Copy, with no pictures, the line that contains "this 845×633 image." and each line after it down to the end of the entries below, exactly.

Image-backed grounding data
□ □ □ □ □

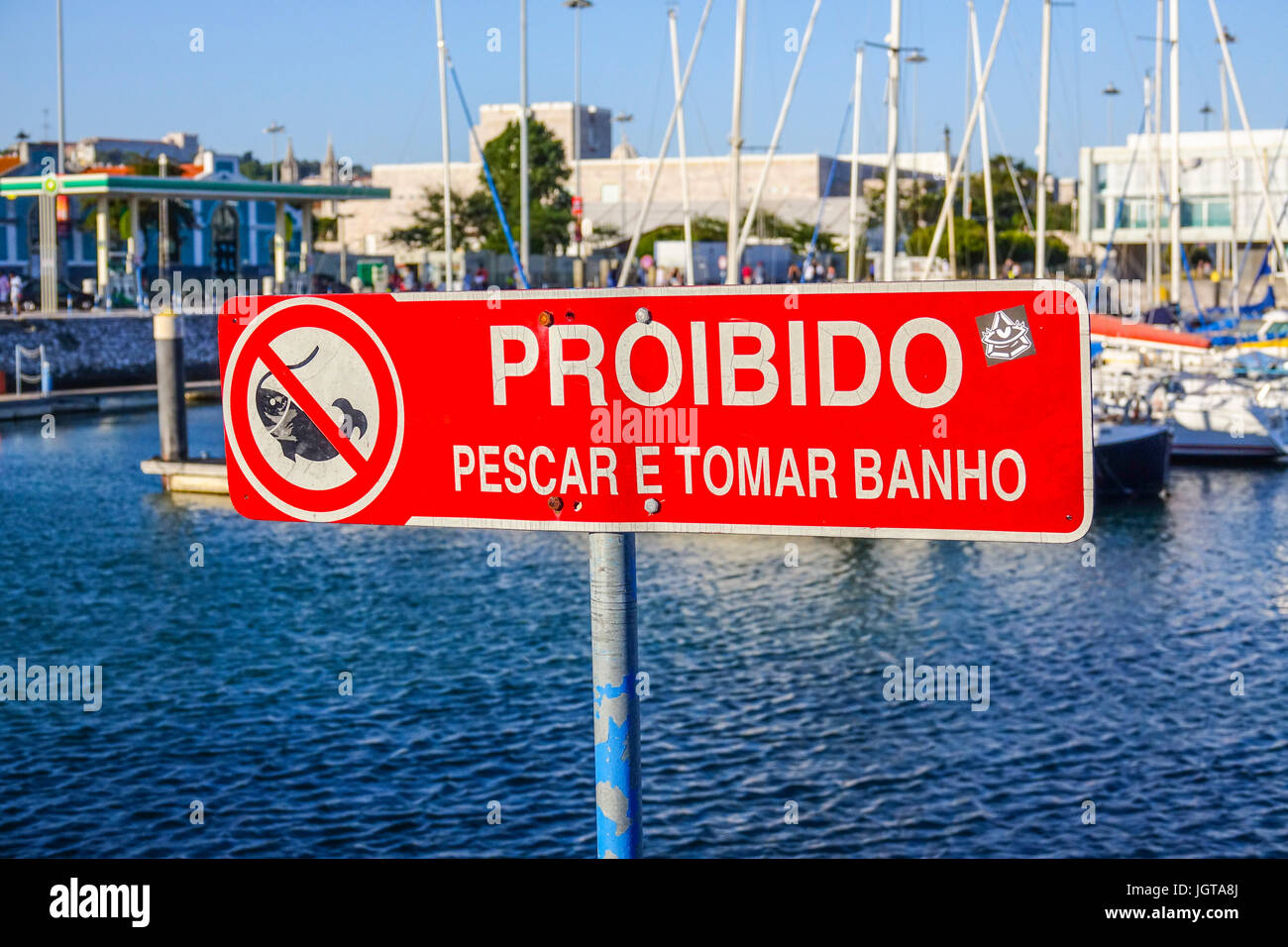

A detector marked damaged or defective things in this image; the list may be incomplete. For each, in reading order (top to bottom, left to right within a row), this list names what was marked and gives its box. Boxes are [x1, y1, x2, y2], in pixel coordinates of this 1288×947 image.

peeling paint on pole [590, 533, 638, 860]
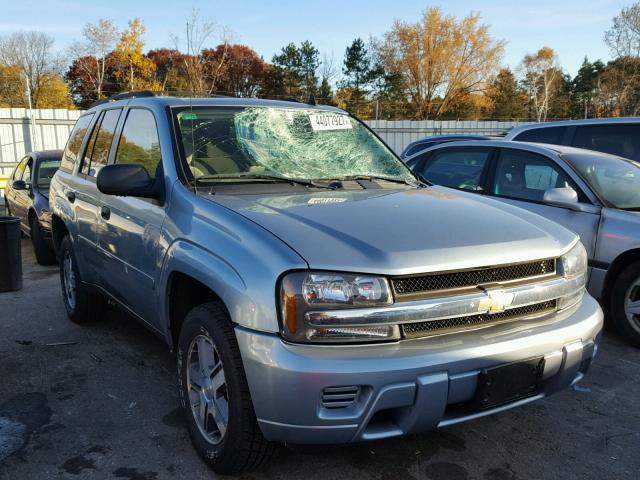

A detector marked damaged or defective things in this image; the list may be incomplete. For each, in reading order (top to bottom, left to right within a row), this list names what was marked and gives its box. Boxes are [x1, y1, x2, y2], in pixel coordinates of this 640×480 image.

shattered windshield [172, 106, 418, 185]
damaged suv [48, 93, 600, 472]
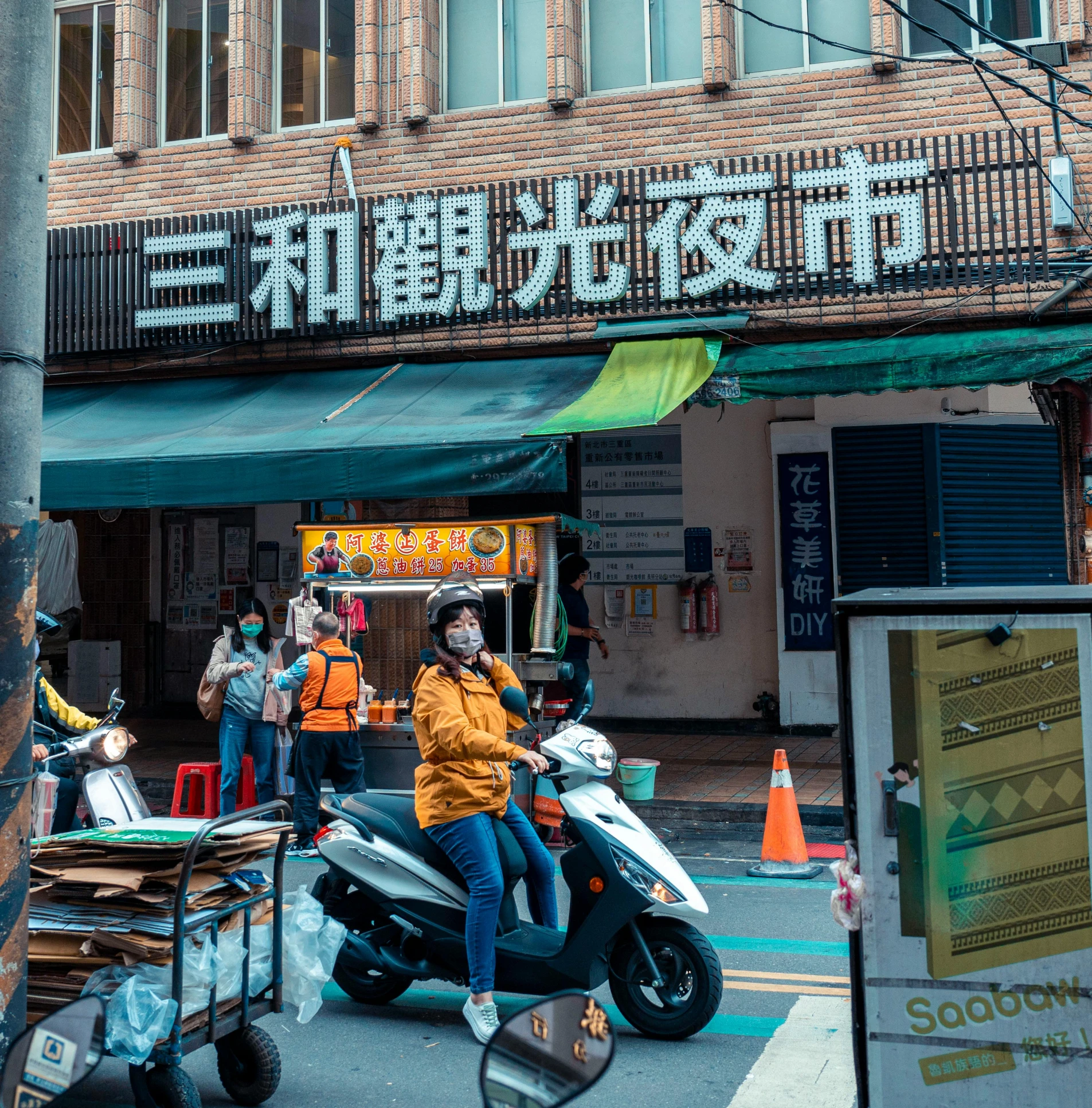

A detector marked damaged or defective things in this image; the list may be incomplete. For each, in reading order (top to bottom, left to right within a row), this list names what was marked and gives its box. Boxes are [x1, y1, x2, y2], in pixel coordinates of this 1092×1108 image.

rusty metal pole [0, 0, 50, 1055]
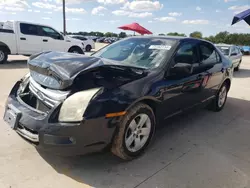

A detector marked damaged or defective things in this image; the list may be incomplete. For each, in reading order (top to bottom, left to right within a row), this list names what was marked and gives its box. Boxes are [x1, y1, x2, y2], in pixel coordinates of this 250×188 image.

crushed front bumper [3, 81, 117, 156]
crumpled hood [27, 51, 146, 89]
damaged dark sedan [3, 36, 232, 160]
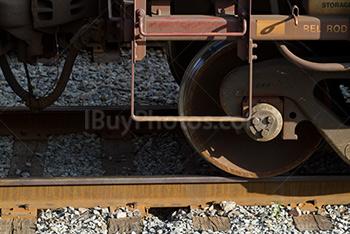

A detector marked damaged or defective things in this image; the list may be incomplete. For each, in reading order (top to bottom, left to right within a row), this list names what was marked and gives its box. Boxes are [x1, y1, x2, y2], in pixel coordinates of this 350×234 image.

rusty steel wheel [180, 41, 322, 178]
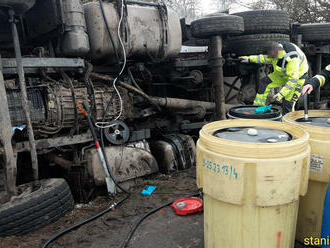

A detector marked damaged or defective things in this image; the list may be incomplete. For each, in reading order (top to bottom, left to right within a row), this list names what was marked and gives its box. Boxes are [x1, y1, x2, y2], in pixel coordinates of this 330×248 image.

rusty metal surface [84, 141, 158, 186]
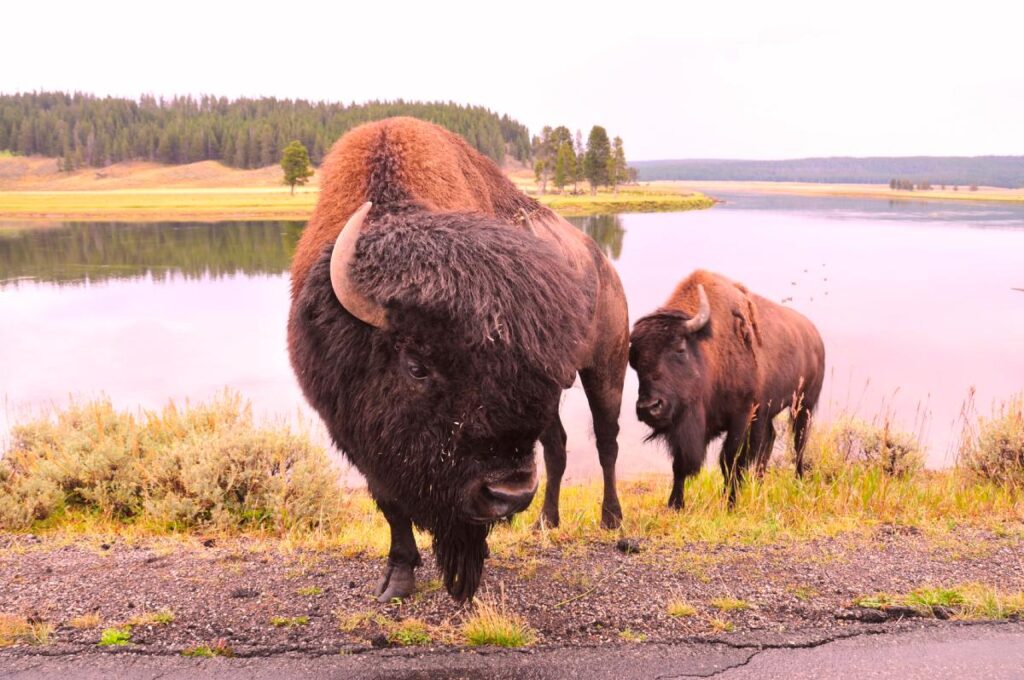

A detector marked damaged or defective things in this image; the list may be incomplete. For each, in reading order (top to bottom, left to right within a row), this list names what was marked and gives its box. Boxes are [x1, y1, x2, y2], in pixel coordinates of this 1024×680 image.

cracked asphalt [2, 624, 1024, 676]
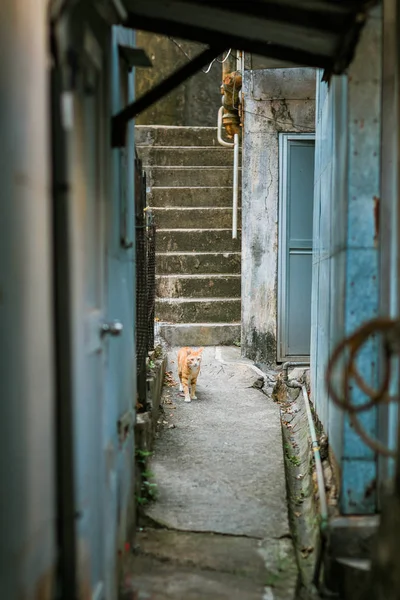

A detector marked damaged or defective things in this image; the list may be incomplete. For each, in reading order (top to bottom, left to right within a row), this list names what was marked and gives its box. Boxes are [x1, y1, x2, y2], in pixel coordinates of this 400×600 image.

peeling paint wall [135, 32, 222, 126]
peeling paint wall [241, 68, 316, 364]
cracked wall [241, 68, 316, 364]
peeling paint wall [310, 10, 382, 516]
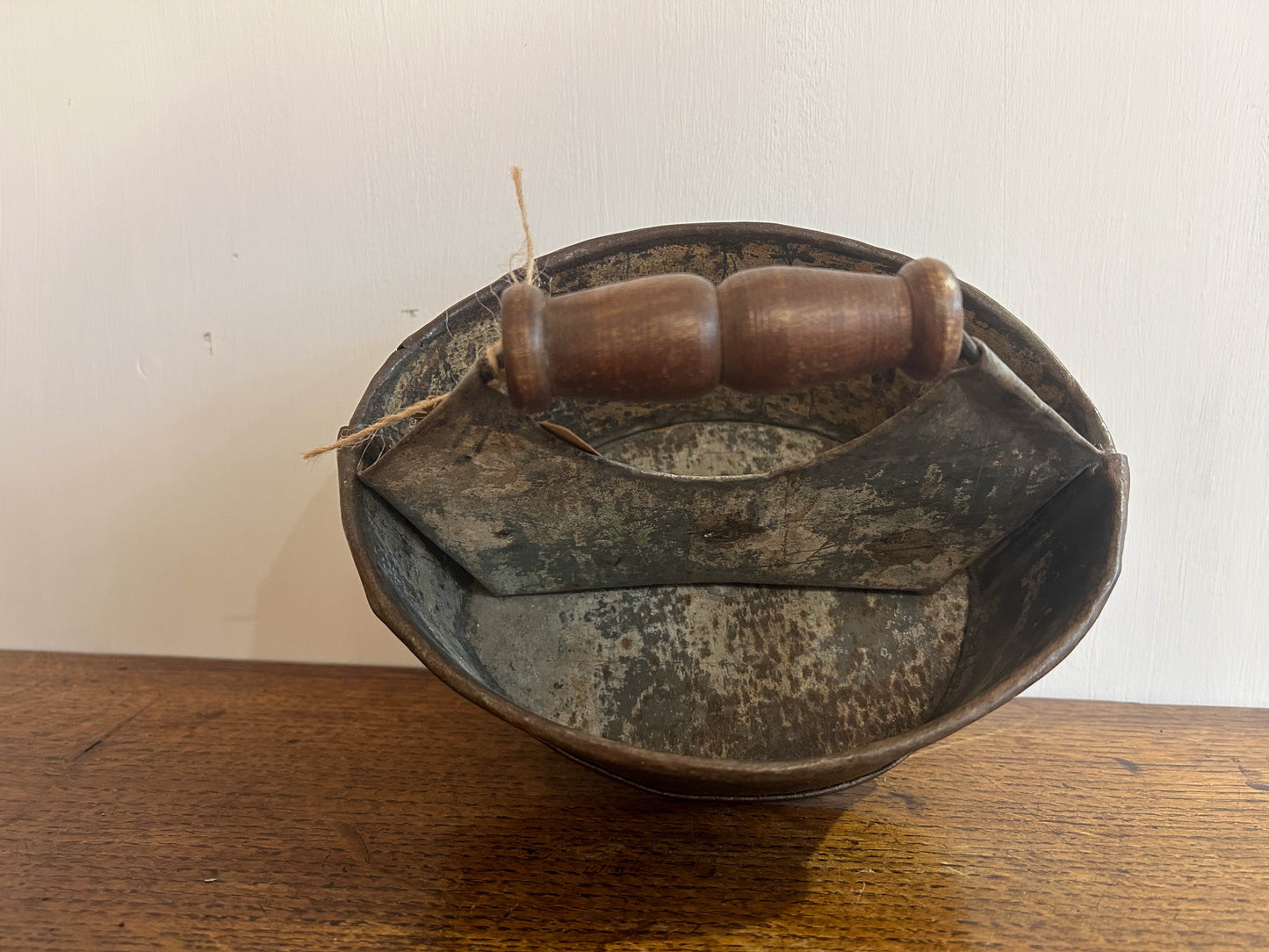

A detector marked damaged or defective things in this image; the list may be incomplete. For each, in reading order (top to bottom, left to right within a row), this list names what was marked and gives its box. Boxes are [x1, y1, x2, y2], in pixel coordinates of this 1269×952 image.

rusty patina [337, 228, 1131, 801]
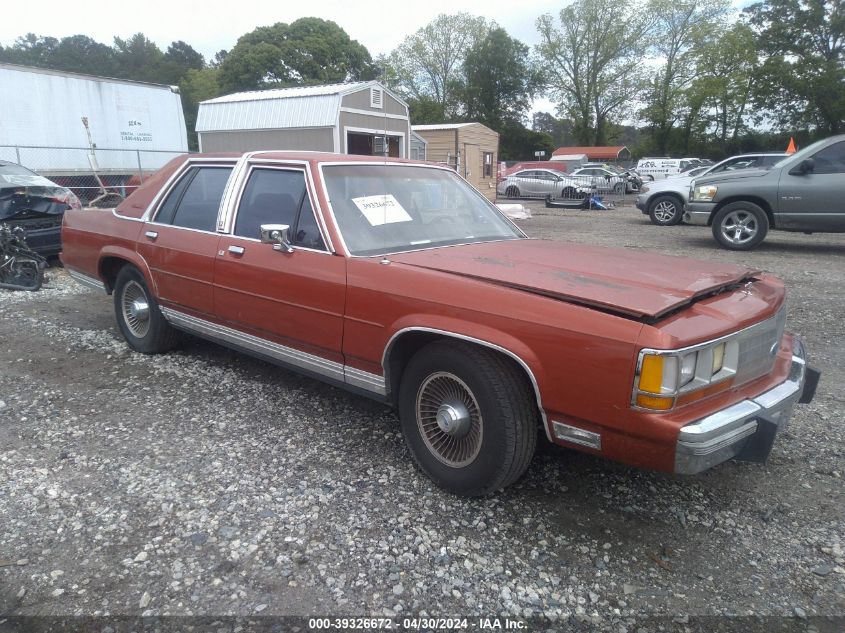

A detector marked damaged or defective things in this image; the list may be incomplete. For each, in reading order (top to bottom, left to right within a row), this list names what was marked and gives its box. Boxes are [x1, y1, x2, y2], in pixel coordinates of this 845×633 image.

damaged hood [390, 238, 760, 320]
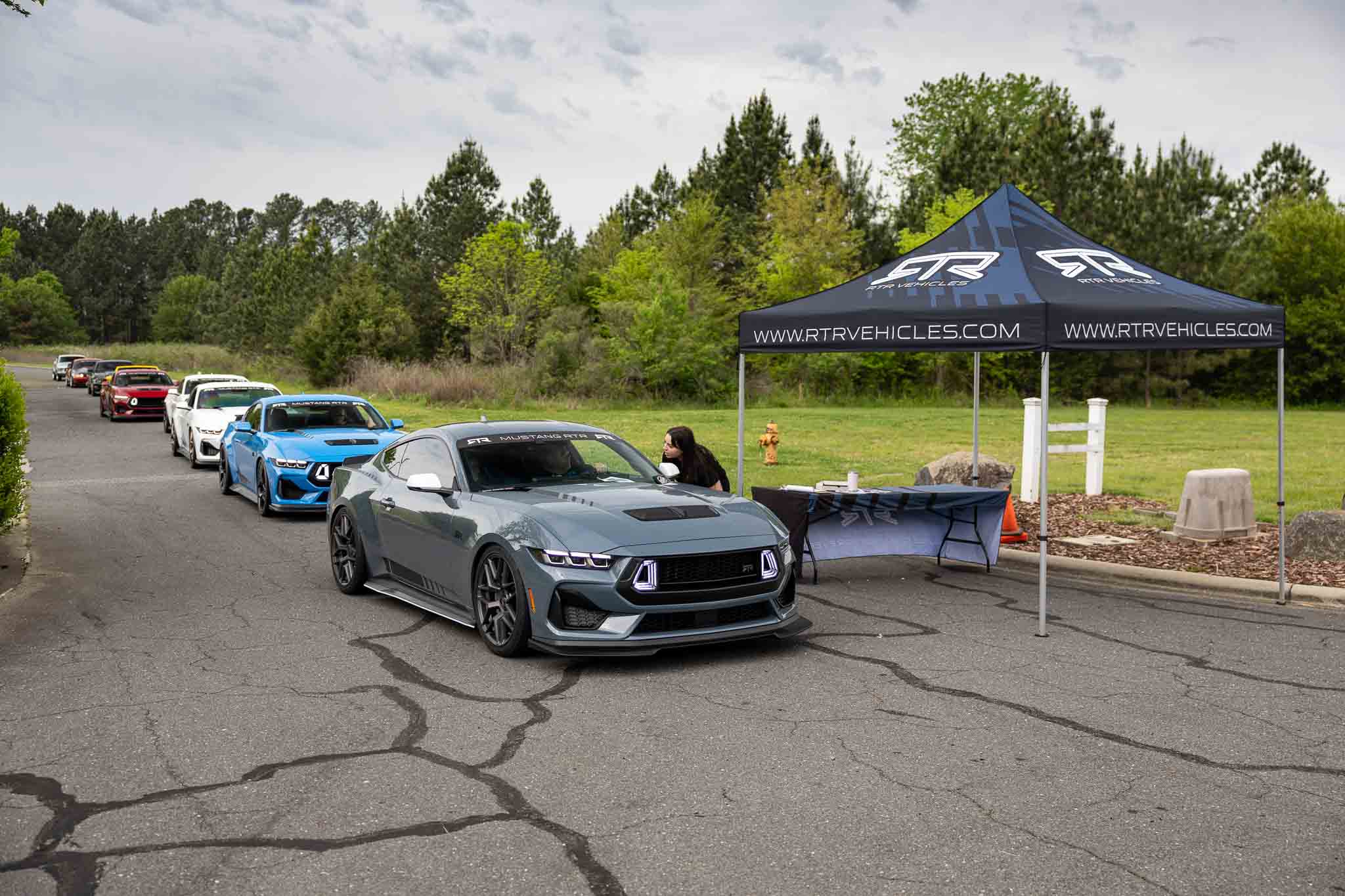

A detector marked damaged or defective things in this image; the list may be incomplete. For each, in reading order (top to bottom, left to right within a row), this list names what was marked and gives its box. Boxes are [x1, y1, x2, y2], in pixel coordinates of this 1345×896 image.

crack in asphalt [919, 574, 1345, 693]
crack in asphalt [0, 620, 624, 891]
crack in asphalt [796, 642, 1345, 779]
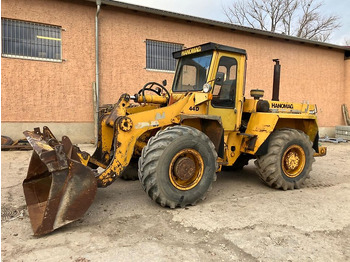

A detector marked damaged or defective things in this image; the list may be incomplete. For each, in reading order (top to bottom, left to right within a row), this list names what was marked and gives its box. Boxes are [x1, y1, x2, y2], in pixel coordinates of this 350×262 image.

rusted metal surface [22, 127, 97, 235]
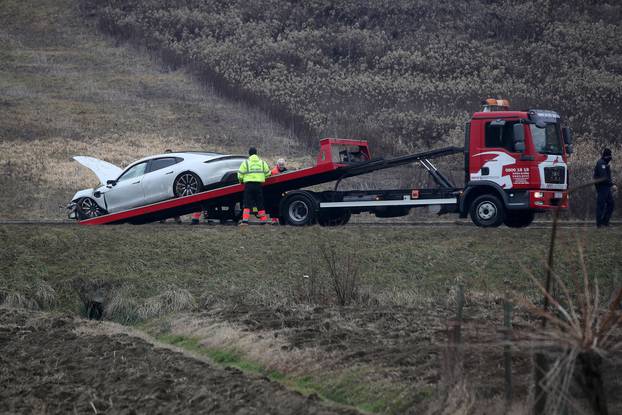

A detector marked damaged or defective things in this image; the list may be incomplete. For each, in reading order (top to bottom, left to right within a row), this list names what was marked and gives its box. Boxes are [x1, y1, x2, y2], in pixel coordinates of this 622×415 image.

damaged white car [67, 151, 245, 219]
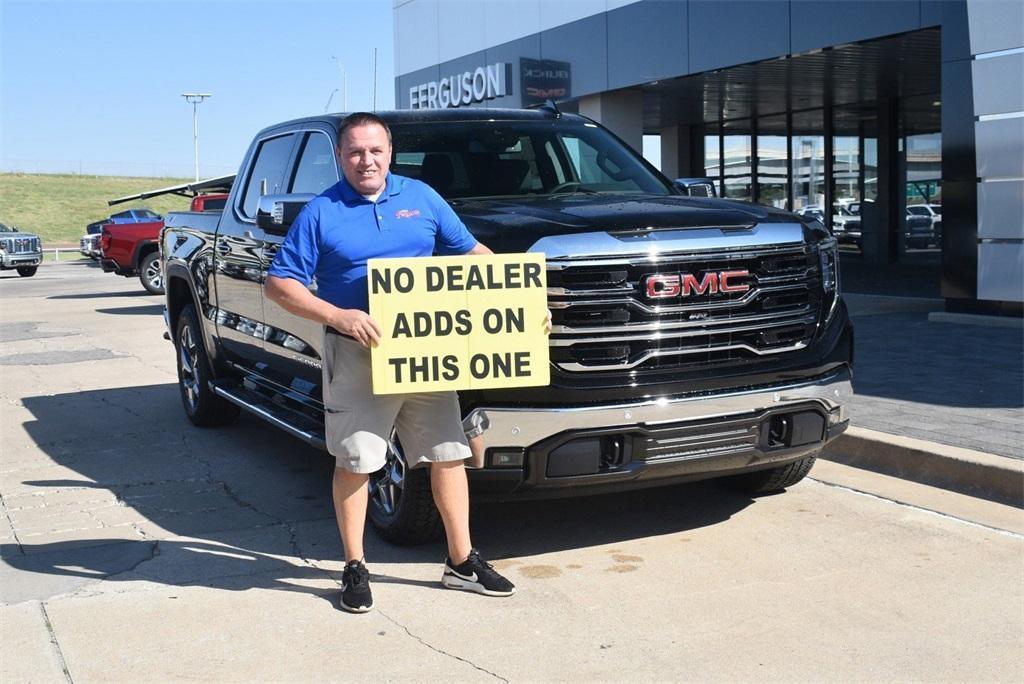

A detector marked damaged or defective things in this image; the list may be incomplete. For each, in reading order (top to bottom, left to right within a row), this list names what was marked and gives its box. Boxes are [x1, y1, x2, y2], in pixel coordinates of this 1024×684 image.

□ □ □ □ □

• _Written solution_
A detector marked damaged or defective things in this image; the list may be incomplete. For each, in reading order (top to bottom, left to right within a row), this list names what was marked and gives its box. Boxes are [x1, y1, x2, y2], in pixel coordinates of this 845×633 image.

damaged hood [390, 238, 760, 320]

A detector marked damaged or defective things in this image; the list may be incomplete. For each, in reading order (top to bottom, left to right within a row), this list names what was marked and gives its box. Boxes are [x1, y1, x2, y2], in pixel coordinates of this 1345×896 image.

crack in asphalt [919, 574, 1345, 693]
crack in asphalt [0, 620, 624, 891]
crack in asphalt [796, 642, 1345, 779]

A detector marked damaged or defective things in this image; the list may be incomplete. For each, in reading order (top to bottom, left to right within a row), this list names what was marked and gives its box. Boxes are [x1, y1, x2, y2], in pixel coordinates of this 350×262 image.

rusted metal surface [22, 127, 97, 235]

A detector marked damaged or defective things in this image; the list may be incomplete. For each, in reading order (top to bottom, left to right within a row), this list names what was marked and gives its box. Boxes are [x1, y1, x2, y2], in pixel coordinates of this 622×415 image.

damaged white car [67, 151, 245, 219]

A detector marked damaged or defective things in this image; the list may be incomplete. For each, in reading order (top to bottom, left to right within a row), this list names what was marked and gives its box. Boxes are [x1, y1, x2, y2], in pixel coordinates of this 1024×684 image.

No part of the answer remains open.